Though he won his eighth PGA Tour title at last month’s Colonial tournament in just his third start since the Masters, major championship pressure is intense and Spieth will also have to contend with lofty expectations as the defending champion.
Aged just 22, Spieth has already established a reputation for his remarkable composure when competing and that is what made his Masters meltdown even more astonishing.
The American young gun had stormed five strokes ahead with just nine holes to play in his title defense at the year’s first major but stunningly ran up a quadruple-bogey at the par-three 12th as he threw away the coveted Green Jacket.
Spieth himself believes that he has put the nightmare experience behind him, with the help of family and close friends, but acknowledges that he will remain under that particular spotlight at least until next year’s Masters.
“Part of it, I got over quickly,” Spieth said at last week’s Memorial tournament where he tied for 57th. “It will continue to be mentioned, maybe until we have a chance to win and win the Masters again. Something like that will always stick around.
“But (the Colonial tournament) was really nice. It was only our third tournament back, and that, I think, says a lot about our team that we were able to kind of brush aside and really perform under pressure.
“And a higher pressure knowing that the last time you were under that pressure, you didn’t quite pull it off, and it was on golf’s biggest stage. So obviously it sticks with you, makes next time that much harder.”
MOTIVATION THE KEY
Mental game expert Dr. Joe Parent, who helped major winners Vijay Singh and Cristie Kerr reach top spot in the world rankings, fully expects Spieth to thrive at Oakmont in his first major since the Masters.
“I believe he will be highly motivated to win the U.S. Open,” Parent told Reuters. “One of his rules is: ‘There’s always more work to be done.’ And even Jack Nicklaus talked about Spieth’s Masters experience not being so bad for him.
“What happened to him at Augusta National during that final round will motivate and fire him up at Oakmont. And Jordan himself said “I never want to feel the way I did at the Masters, after the round, again.’
“Lest we forget, Jordan had a similar lapse in the 2014 Masters, and yet he came back to win the next year in record fashion.”

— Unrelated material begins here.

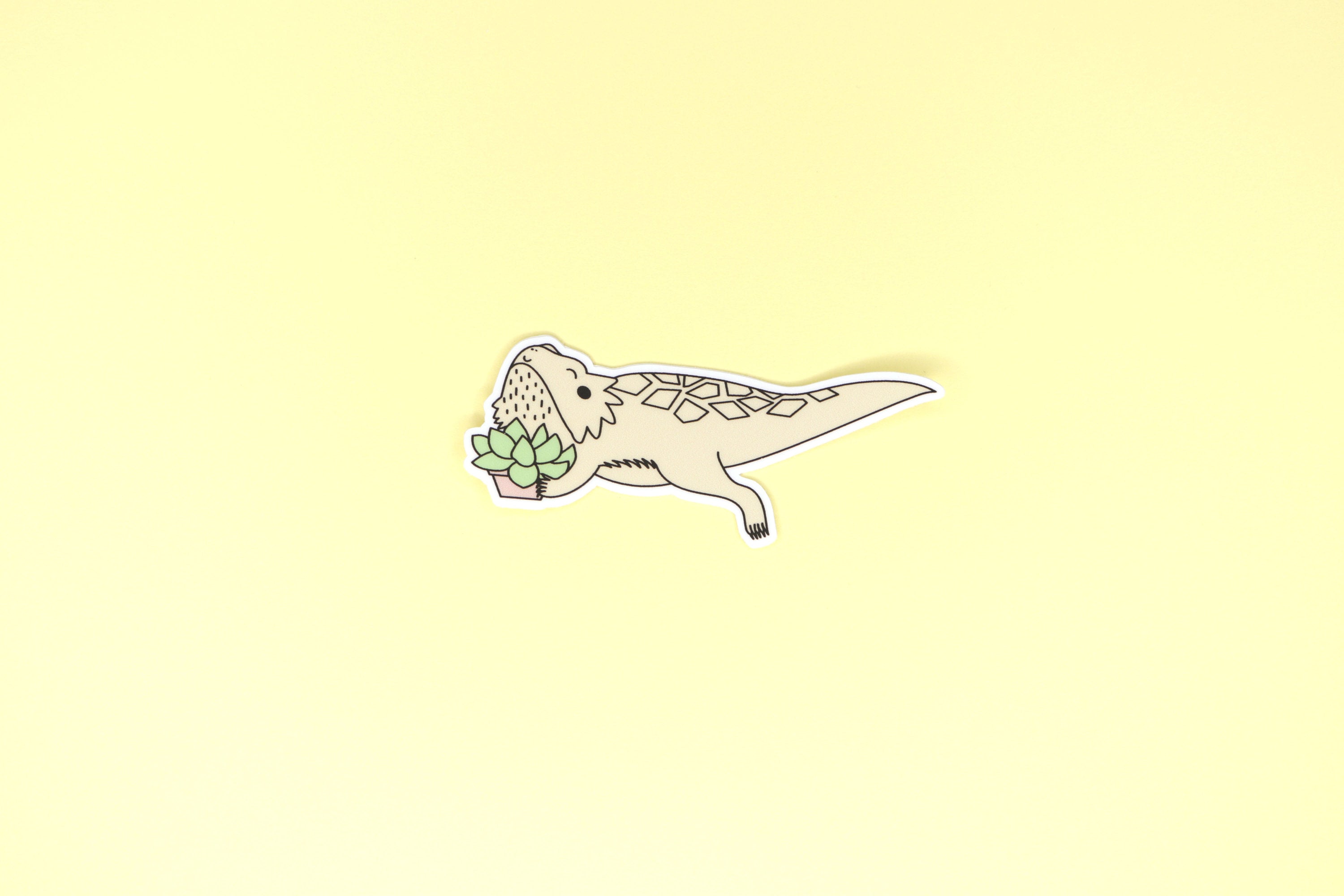 Tan Bearded Dragon Holding Succulent Sticker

Two years ago, Spieth birdied four of the first seven holes in the Masters final round to lead by two shots but then faltered with three bogeys around the turn before finishing three strokes behind winner Bubba Watson.
“It stings right now,” Spieth said at the time. “I had it in my hands and I could have gone forward with it and I just didn’t quite make the putts. I feel like I’m ready to win. It’s just a matter of time. I’ll be back, and I can’t wait to be back.”
Spieth certainly did get back at Augusta National, clinching his first major title at last year’s Masters with a stunning wire-to-wire victory by four shots as he matched Tiger Woods’ tournament record low of 18-under 270 for 72 holes.
“And Rory McIlroy blew a similar lead starting the back nine in the 2011 Masters, and came back to win the very next major, the U.S. Open at Congressional, in record fashion,” said Parent, citing another recent ‘rebound’ example in the majors.
Northern Ireland’s McIlroy was four ahead going into the final round of the 2011 Masters and one stroke clear with nine holes to play before he tumbled out of contention to close with an eight-over 80.
In his very next major start, however, he landed his maiden grand slam crown with an eight-shot triumph at the U.S. Open where he posted a tournament record total of 16-under 268.